═══ WORKING DATA ═══
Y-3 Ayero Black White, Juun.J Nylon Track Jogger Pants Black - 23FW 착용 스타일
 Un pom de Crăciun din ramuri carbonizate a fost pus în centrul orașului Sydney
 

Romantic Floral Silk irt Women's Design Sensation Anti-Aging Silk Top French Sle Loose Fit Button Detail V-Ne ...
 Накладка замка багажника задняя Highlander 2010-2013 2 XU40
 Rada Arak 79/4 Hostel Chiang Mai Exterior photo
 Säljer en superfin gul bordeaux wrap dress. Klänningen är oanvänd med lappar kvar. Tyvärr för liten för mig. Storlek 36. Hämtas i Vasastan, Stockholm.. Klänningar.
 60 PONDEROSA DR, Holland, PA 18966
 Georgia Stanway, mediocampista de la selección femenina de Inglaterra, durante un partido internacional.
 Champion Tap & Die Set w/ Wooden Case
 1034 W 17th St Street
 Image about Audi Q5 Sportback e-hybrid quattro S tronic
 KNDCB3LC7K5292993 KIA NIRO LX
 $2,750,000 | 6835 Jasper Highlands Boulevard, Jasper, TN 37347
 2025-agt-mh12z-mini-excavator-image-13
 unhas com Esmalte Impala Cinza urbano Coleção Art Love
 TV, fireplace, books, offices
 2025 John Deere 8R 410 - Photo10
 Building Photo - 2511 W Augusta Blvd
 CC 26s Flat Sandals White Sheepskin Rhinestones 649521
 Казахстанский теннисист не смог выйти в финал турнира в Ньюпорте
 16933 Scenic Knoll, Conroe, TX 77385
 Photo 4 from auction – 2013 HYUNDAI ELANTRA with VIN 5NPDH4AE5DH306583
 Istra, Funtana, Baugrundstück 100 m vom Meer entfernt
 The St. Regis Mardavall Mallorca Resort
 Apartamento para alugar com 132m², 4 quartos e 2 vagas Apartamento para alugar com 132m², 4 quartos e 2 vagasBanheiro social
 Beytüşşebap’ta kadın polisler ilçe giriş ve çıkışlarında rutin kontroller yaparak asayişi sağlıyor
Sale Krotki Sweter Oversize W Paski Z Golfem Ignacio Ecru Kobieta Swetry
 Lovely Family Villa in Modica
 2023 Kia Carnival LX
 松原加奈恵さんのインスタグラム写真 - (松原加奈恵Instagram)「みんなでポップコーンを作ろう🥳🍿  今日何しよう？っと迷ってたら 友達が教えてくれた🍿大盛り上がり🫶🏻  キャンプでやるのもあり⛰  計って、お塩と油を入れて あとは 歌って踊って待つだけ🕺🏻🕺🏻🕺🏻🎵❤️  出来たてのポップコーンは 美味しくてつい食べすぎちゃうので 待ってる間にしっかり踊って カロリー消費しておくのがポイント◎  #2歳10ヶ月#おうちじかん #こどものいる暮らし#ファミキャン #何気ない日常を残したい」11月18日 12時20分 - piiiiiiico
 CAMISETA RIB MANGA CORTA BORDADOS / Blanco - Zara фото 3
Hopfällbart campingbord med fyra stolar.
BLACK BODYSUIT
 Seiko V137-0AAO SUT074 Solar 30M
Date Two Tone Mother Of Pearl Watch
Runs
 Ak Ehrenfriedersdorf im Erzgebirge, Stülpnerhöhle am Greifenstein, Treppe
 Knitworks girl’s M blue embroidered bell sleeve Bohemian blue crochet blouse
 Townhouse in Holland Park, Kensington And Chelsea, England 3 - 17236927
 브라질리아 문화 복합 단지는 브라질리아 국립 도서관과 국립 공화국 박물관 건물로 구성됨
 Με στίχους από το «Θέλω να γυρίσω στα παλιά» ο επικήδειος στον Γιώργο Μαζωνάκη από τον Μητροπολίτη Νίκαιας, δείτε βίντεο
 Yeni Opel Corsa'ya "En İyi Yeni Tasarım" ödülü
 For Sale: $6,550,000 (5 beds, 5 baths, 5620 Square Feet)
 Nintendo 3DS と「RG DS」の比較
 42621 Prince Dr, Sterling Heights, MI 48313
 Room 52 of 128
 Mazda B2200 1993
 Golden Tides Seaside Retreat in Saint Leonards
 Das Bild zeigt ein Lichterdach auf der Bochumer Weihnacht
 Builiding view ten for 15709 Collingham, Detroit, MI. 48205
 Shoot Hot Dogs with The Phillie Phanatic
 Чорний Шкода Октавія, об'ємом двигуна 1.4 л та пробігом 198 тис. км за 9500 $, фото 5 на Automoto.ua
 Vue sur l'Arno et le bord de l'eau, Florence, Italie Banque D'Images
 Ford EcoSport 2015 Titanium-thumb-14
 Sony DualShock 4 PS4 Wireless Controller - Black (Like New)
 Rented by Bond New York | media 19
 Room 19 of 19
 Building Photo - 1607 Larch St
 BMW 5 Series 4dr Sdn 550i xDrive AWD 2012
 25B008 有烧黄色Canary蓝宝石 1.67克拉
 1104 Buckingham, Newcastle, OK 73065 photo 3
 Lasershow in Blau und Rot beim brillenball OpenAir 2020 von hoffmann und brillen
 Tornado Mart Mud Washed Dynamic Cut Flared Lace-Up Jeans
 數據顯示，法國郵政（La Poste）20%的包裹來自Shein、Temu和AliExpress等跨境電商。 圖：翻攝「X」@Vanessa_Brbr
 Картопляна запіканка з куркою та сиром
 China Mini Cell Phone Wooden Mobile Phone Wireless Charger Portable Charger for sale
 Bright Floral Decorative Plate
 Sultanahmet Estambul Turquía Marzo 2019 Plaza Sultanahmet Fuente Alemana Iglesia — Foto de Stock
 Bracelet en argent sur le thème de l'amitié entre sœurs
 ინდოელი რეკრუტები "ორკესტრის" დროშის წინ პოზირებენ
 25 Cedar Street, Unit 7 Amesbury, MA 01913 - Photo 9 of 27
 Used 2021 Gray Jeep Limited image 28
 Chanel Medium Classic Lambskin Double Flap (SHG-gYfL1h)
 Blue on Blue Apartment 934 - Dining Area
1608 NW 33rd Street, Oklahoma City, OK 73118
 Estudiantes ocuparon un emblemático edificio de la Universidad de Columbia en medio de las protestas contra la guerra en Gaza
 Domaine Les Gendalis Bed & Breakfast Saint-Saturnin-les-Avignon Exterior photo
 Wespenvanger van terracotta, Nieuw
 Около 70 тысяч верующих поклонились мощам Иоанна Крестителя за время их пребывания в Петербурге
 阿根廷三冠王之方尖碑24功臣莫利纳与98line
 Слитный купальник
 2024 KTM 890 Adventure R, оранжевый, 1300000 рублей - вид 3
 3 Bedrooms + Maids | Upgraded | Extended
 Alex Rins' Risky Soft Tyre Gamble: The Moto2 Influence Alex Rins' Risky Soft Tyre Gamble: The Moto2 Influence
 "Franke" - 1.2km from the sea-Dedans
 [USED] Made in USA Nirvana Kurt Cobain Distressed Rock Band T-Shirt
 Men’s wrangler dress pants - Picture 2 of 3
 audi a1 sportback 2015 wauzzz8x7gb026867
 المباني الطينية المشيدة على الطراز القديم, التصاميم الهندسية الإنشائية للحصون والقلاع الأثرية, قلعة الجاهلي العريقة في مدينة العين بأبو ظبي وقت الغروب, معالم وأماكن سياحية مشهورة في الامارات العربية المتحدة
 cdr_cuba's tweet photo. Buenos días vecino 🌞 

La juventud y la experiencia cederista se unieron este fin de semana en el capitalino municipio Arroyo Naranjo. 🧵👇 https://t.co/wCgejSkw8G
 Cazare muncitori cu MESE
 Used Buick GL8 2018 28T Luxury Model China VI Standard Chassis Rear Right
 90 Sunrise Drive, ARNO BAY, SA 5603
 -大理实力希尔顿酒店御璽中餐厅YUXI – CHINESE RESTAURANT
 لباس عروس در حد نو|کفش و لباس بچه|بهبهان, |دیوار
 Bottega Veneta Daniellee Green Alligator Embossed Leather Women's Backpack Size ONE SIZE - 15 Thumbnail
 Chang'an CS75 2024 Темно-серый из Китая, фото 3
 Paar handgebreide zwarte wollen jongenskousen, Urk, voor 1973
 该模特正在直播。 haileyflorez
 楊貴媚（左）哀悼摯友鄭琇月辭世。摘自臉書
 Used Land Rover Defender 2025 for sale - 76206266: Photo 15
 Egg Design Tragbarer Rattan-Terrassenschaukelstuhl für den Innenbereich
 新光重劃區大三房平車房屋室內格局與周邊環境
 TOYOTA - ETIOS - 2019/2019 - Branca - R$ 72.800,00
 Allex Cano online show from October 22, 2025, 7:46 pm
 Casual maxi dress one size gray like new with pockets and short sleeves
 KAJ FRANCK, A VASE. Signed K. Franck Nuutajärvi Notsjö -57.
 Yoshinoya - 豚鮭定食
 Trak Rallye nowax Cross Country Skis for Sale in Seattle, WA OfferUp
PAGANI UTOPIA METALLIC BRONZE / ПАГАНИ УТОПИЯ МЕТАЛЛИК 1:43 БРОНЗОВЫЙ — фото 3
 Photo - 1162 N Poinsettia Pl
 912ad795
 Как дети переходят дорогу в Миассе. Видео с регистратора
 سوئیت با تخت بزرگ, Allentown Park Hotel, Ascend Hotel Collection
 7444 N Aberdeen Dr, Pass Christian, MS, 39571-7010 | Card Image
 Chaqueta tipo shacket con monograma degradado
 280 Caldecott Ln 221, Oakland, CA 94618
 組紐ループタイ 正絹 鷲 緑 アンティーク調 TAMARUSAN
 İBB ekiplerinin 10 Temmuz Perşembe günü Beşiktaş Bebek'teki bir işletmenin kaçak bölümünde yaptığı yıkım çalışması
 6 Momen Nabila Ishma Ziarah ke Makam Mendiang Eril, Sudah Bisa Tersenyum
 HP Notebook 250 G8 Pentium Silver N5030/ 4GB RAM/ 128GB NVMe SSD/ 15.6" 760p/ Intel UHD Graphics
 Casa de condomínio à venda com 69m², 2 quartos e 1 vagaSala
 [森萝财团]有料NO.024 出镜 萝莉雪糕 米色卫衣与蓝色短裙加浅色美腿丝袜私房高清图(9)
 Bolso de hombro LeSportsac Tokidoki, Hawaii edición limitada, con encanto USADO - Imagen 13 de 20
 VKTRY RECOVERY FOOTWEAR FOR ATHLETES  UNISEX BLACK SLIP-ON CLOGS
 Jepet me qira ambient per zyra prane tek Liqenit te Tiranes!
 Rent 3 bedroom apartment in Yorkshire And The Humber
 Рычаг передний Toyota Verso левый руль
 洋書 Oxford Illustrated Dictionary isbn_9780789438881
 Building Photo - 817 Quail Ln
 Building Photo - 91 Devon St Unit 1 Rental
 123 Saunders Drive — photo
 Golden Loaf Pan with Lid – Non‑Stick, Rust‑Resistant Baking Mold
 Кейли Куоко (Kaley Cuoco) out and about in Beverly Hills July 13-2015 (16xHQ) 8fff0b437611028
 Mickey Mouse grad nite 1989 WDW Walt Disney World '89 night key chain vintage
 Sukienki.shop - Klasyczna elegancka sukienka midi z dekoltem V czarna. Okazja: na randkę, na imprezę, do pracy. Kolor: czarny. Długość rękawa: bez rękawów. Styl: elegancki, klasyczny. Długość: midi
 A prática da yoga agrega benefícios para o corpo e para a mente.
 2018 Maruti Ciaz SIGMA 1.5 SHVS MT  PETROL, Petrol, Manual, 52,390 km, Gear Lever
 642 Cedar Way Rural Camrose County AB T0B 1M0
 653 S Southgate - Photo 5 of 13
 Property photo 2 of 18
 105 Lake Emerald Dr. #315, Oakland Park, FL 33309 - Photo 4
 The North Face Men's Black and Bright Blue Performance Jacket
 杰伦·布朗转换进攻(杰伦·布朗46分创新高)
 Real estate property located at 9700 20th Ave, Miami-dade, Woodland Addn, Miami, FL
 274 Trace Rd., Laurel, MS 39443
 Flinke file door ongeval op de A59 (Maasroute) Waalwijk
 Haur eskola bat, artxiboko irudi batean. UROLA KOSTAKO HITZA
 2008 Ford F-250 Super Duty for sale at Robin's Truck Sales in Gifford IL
═══
WORK TO BE COMPLETED:
Search the entries for the string "Women" and copy each line where it occurs.

EXERCISE RESULT:
Romantic Floral Silk irt Women's Design Sensation Anti-Aging Silk Top French Sle Loose Fit Button Detail V-Ne ...
 Bottega Veneta Daniellee Green Alligator Embossed Leather Women's Backpack Size ONE SIZE - 15 Thumbnail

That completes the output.